Giliran Bank Pembangunan Daerah Penuhi Syarat Modal Inti Rp 3 Triliun
Menurut Peraturan OJK Nomor 12/2020, bank milik pemerintah daerah mesti memenuhi modal minimum Rp 3 triliun paling lambat 31 Desember 2024. Upaya bank pembangunan daerah memenuhi ketentuan itu dinilai penuh tantangan.
Oleh
BENEDIKTUS KRISNA YOGATAMA
·4 menit baca
JAKARTA, KOMPAS — Setelah bank umum yang dipersyaratkan memenuhi modal inti minimal Rp 3 triliun hingga Desember 2022, kini giliran bank milik pemerintah daerah atau bank pembangunan daerah/BPD memenuhi syarat tersebut hingga 31 Desember 2024. Berbeda dengan bank umum yang dimiliki swasta dan punya banyak opsi menambah modal, pemilik saham BPD adalah pemerintah daerah sehingga perlu pendekatan kebijakan untuk menambah modal.
Ketentuan pemenuhan modal inti untuk bank milik pemerintah daerah itu diatur dalam Peraturan Otoritas Jasa Keuangan Nomor 12 Tahun 2020 tentang Konsolidasi Bank Umum.
Ekonom dan Associate Faculty Lembaga Pengembangan Perbankan Indonesia (LPPI) Ryan Kiryanto, saat dihubungi Selasa (3/1/2023) mengatakan, upaya pemenuhan modal inti BPD memiliki tantangan yang berbeda dibandingkan bank umum.
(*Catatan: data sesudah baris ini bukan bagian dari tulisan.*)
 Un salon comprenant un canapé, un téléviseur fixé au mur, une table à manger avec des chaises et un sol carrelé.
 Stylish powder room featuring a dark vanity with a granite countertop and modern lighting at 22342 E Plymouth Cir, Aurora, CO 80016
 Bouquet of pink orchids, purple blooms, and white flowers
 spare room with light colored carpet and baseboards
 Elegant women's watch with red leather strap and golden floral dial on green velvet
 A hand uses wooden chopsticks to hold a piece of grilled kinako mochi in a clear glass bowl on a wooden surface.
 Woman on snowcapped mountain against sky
Sebab, saham BPD dimiliki pemerintah daerah (pemda), baik pemerintah provinsi maupun pemerintah kota/kabupaten.
Menurut Ryan, opsi menambah modal oleh bank umum lebih fleksibel dan variatif ketimbang BPD. Bank umum swasta antara lain bisa menambah modal dengan menyuntikkan modal tambahan, menerbitkan penambahan modal dengan hak memesan efek terlebih dahulu (PMHTED) atau rights issue, serta menggabung dua bank atau merger. Opsi-opsi penambahan modal itu tidak bisa dilakukan untuk pemenuhan modal BPD.
Ia mengatakan, yang bisa dilakukan BPD adalah mendorong pemda sebagai pemilik saham untuk menginjekkan modal tambahan. Adapun opsi kedua adalah menahan laba dividen yang dialokasikan untuk penambahan modal. ”Hanya dengan cara ini, penambahan modal bisa dicapai,” ujarnya.
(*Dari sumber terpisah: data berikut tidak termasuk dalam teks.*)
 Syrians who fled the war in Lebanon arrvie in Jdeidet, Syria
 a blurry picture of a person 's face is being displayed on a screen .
Ryan menambahkan, agar pemda mau melakukan hal itu, perlu ada perubahan pola pikir mereka tentang pemanfaatan BPD. Selama ini pemda berpikiran BPD adalah salah satu instrumen meningkatkan pendapatan daerah dari dividen.
Pemda perlu menyadari, ketentuan penambahan modal inti perbankan ini didasari oleh meningkatnya kebutuhan pendanaan perbankan. Seiring dengan makin berkembangnya perekonomian, meningkat pula kebutuhan pendanaan yang bisa diisi oleh perbankan.
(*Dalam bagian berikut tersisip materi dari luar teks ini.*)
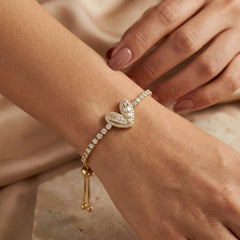 "Gold-tone bracelet 
featuring a delicate chain of sparkling clear crystals and an intricate heart-shaped pavé centerpiece, displayed on a wooden surface."
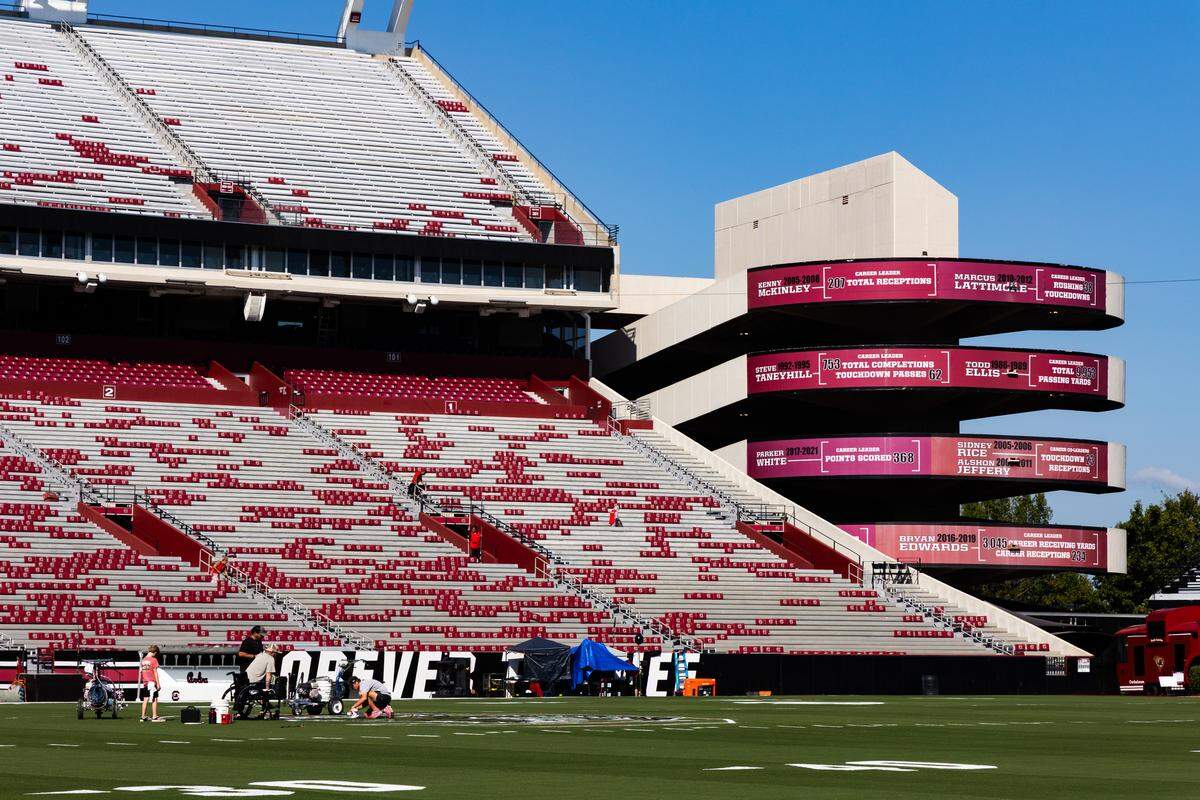 Workers at the University of South Carolina paint the field at Williams-Brice Stadium on Friday, September 12, 2025.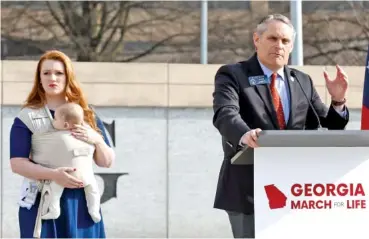  ?? NATRICE MILLER/THE ATLANTA JOURNAL-CONSTITUTI­ON/TNS ?? State Rep. Lauren Daniel, R-Locust Grove, left, holds her baby, Zane, as state Sen. Ed Setzler, R-Acworth, speaks during an antiaborti­on “March for Life” rally in February.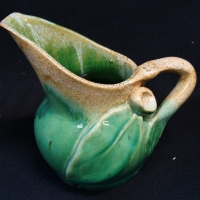1940's Remued Australian pottery jug with applied gum leaves and nut in green and cream glaze - shape 119 - approx 11cm tall - Sold for $161 - 2017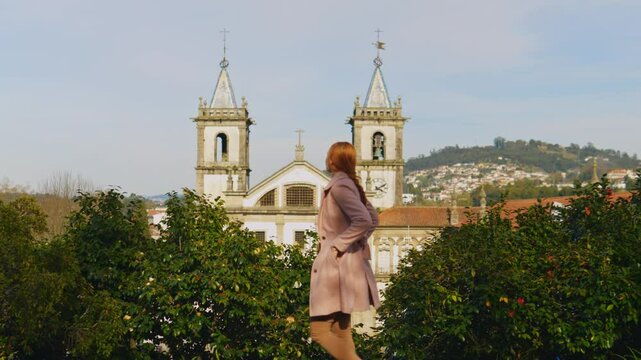 Stunning 4k footage of a young white caucasian ginger girl posing in front of the Abade Pedrosa Municipal Museum and the Monastery of St. Benedict (Sao Bento) in the Portugal city - Santo Tirso.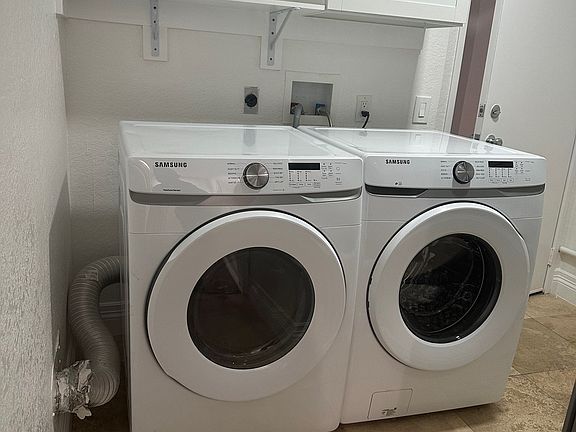Full-size front-loading washer and dryer in your own interior storage space.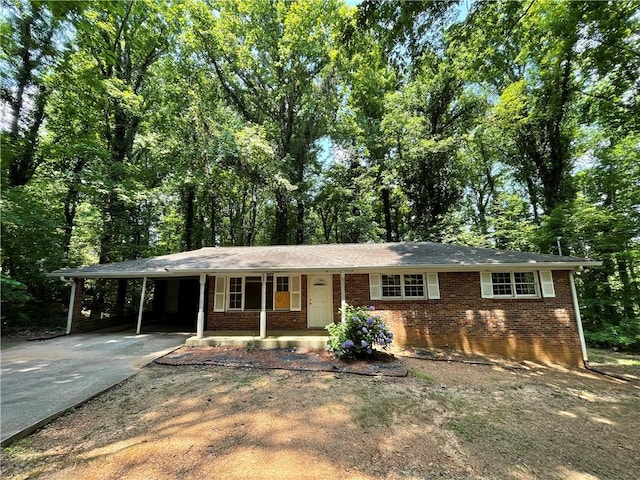 6106 Oak Hill Dr SW, Austell, GA 30168 - single story home with brick siding, a porch, concrete driveway, and an attached carport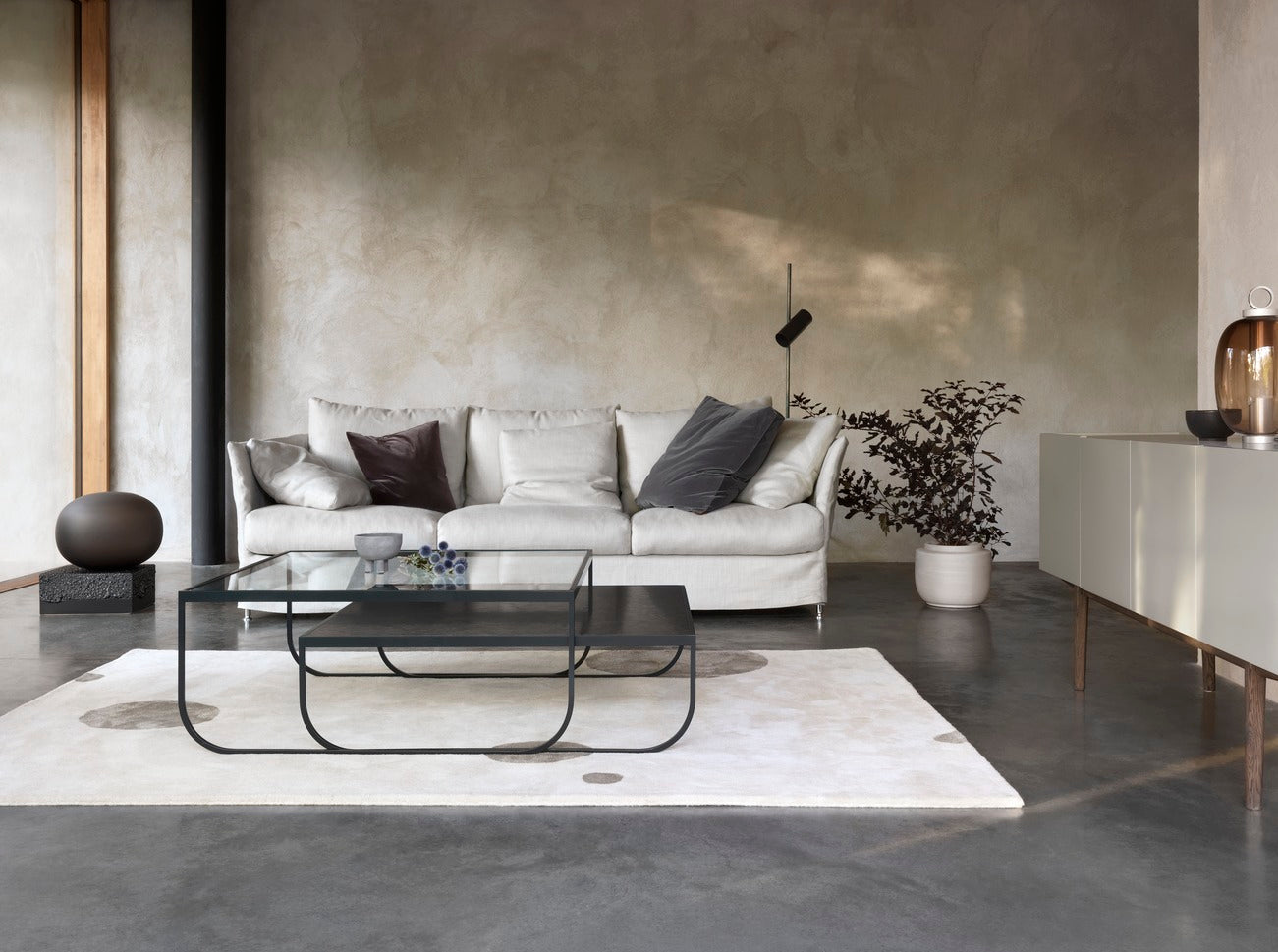 Designed by Broberg and Ridderstråle 2011.  Coffee table with a bent metal structure. Tati Coffee Table 90 High can be slid over Tati Coffee Table 90 Low.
Selain itu, lanjut Ryan, perbankan perlu meningkatkan permodalan untuk mempertebal kekuatannya guna menahan guncangan yang berpotensi terjadi karena dipicu ketidakpastian global di masa mendatang.
”Yang terpenting pemda mengubah pola pikirnya bahwa BPD ini seharusnya bisa dioptimalkan sebagai motor perekonomian daerahnya. Dengan pendanaan dari BPD, ekonomi bisa bertumbuh, tingkat pengangguran berkurang, kemiskinan menurun. Perspektif manfaatnya lebih luas ketimbang hanya penyumbang dividen APBD,” ujar Ryan.
Ia menambahkan, manajemen dan pemegang saham BPD juga harus mulai menyusun rencana pemenuhan modal inti tersebut.
Kepala Eksekutif Pengawas Perbankan Otoritas Jasa Keuangan (OJK) Dian Ediana Rae mengatakan, saat ini dari 26 BPD yang beroperasi di Indonesia, 12 di antaranya belum memiliki modal inti Rp 3 triliun. Pihaknya mendorong agar BPD ini bergabung dalam satu kelompok usaha bank (KUB).
Guna mewujudkan hal itu, OJK akan segera merilis kebijakan KUB BPD yang terintegrasi ini dalam waktu dekat. ”BPD memerlukan terobosan kebijakan dalam menopang bisnisnya dan bisa menopang perekonomian daerah,” ujar Dian.
BPD memerlukan terobosan kebijakan dalam menopang bisnisnya dan bisa menopang perekonomian daerah.
Mengutip Statistik Perbankan Indonesia yang dirilis OJK, sampai Agustus 2022, penyaluran kredit BPD mencapai Rp 547,58 triliun atau tumbuh 8,37 persen secara tahunan. Adapun penghimpunan dana pihak ketiga (DPK) BPD sampai Agustus 2022 mencapai Rp 710,17 triliun atau tumbuh 9,79 persen secara tahunan.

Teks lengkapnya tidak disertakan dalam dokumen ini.